**Work to complete**.
Begin at the line below that has "2017 Ford F-150". Stop after the line that has "Digital Camera, 6K", repeating each line exactly and leaving out the pictures.

**Extracted material**.
++++++++++++++++++++
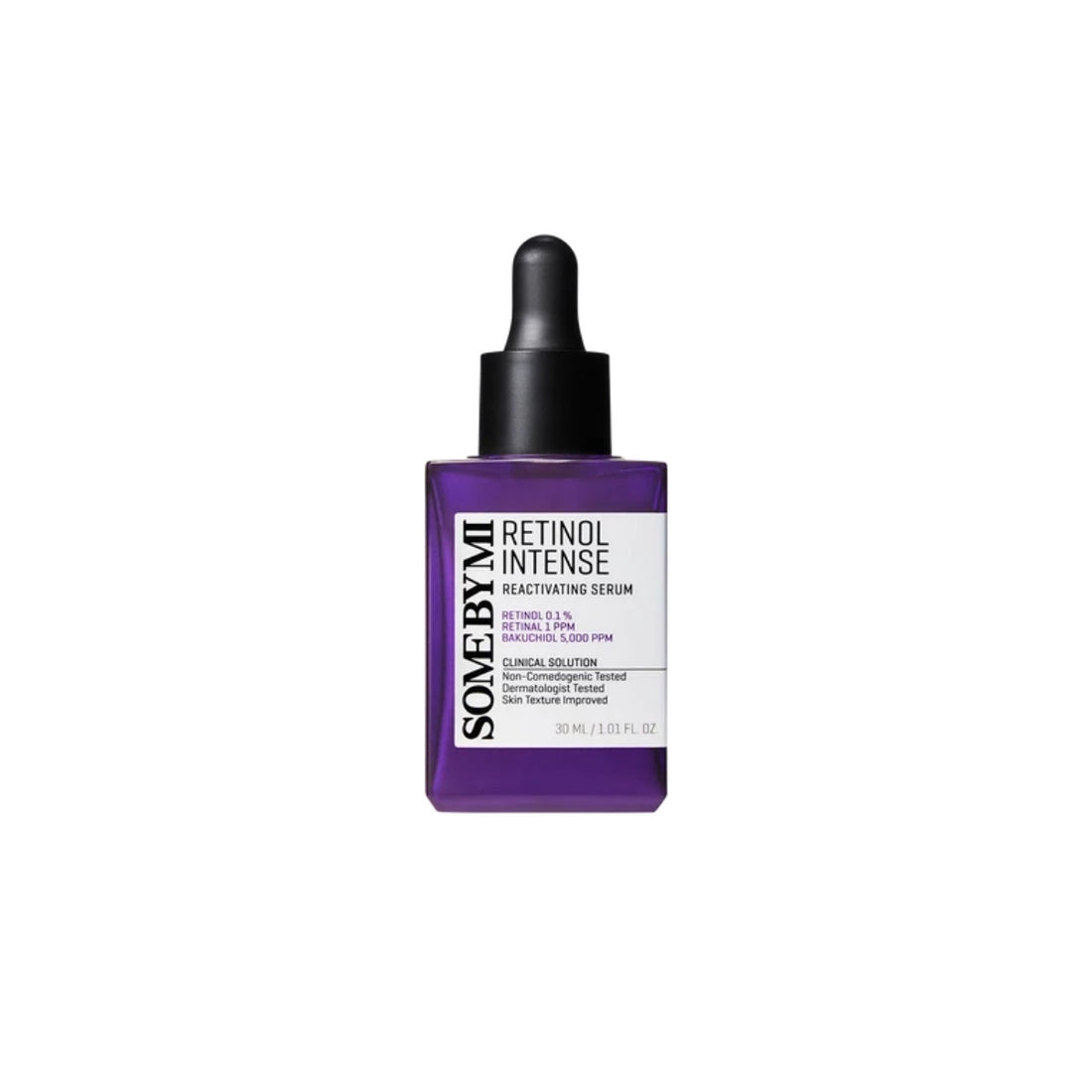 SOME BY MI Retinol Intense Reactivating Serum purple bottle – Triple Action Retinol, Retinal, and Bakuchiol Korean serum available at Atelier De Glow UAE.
++++++++++++++++++++
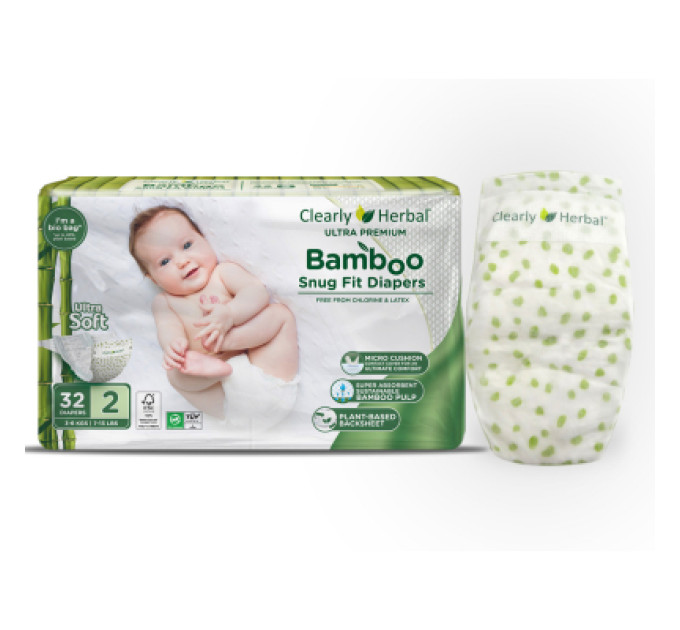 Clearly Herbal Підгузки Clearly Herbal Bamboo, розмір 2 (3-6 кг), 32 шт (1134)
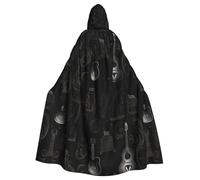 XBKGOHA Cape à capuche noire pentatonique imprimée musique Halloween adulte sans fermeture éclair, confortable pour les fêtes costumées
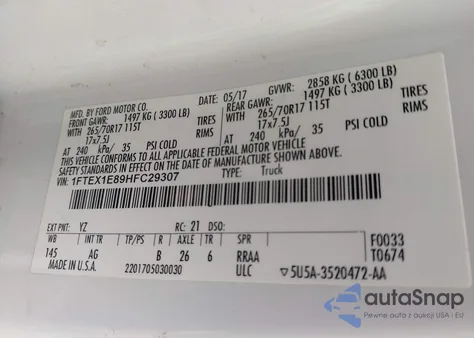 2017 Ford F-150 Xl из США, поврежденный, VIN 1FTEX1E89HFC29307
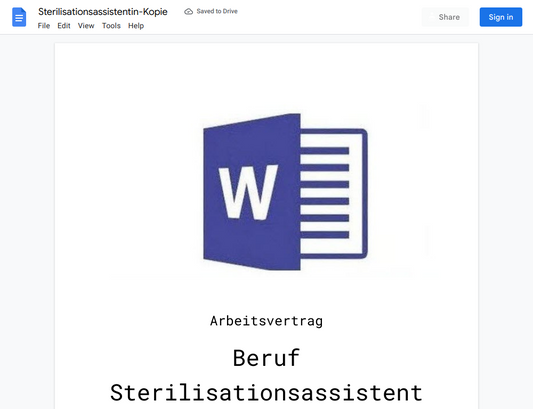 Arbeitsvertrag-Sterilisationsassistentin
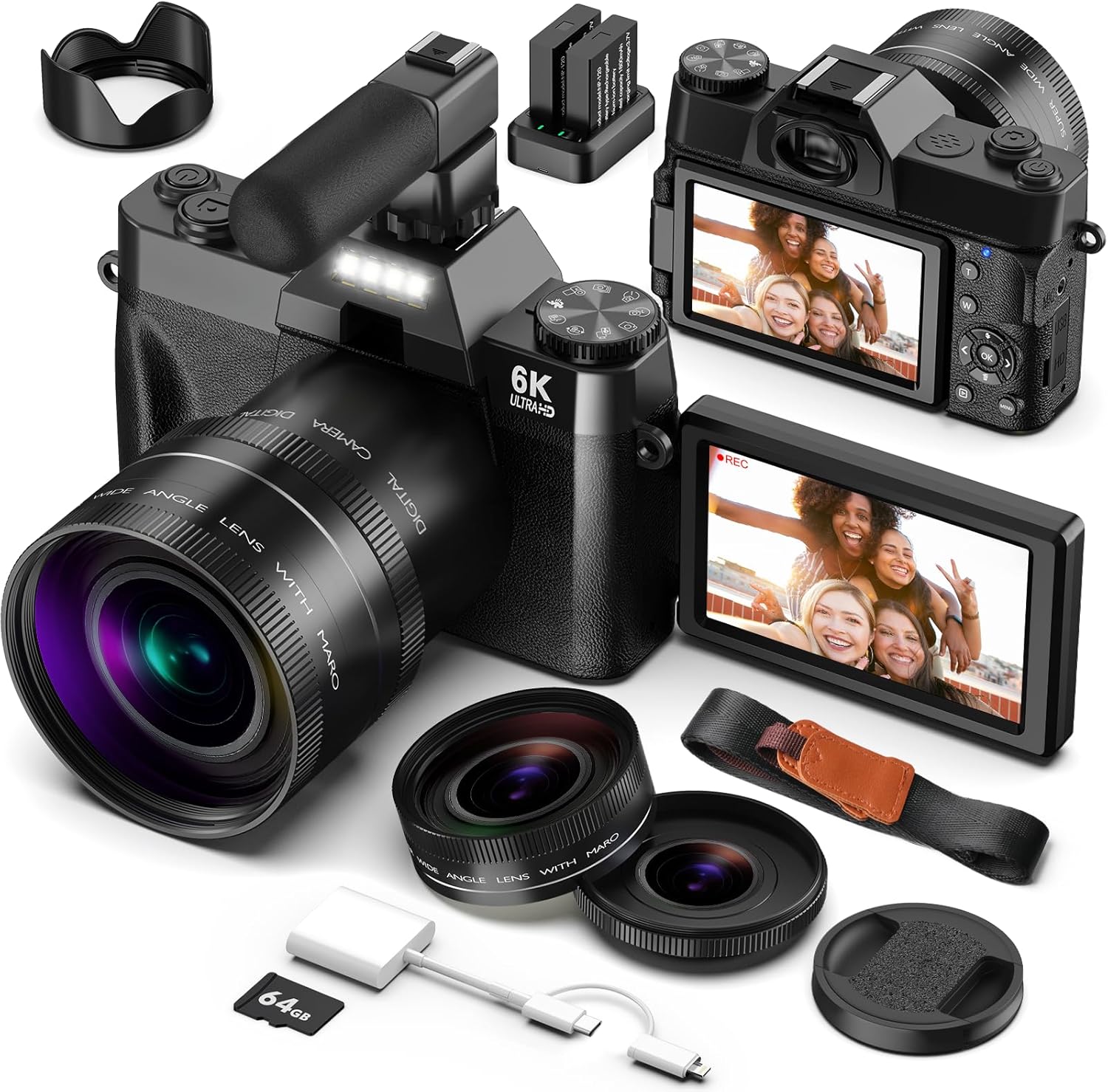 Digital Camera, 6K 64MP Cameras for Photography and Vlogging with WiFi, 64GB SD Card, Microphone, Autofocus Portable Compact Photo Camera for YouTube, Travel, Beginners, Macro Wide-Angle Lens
++++++++++++++++++++
**Answer section**.
 2017 Ford F-150 Xl из США, поврежденный, VIN 1FTEX1E89HFC29307
 Arbeitsvertrag-Sterilisationsassistentin
 Digital Camera, 6K 64MP Cameras for Photography and Vlogging with WiFi, 64GB SD Card, Microphone, Autofocus Portable Compact Photo Camera for YouTube, Travel, Beginners, Macro Wide-Angle Lens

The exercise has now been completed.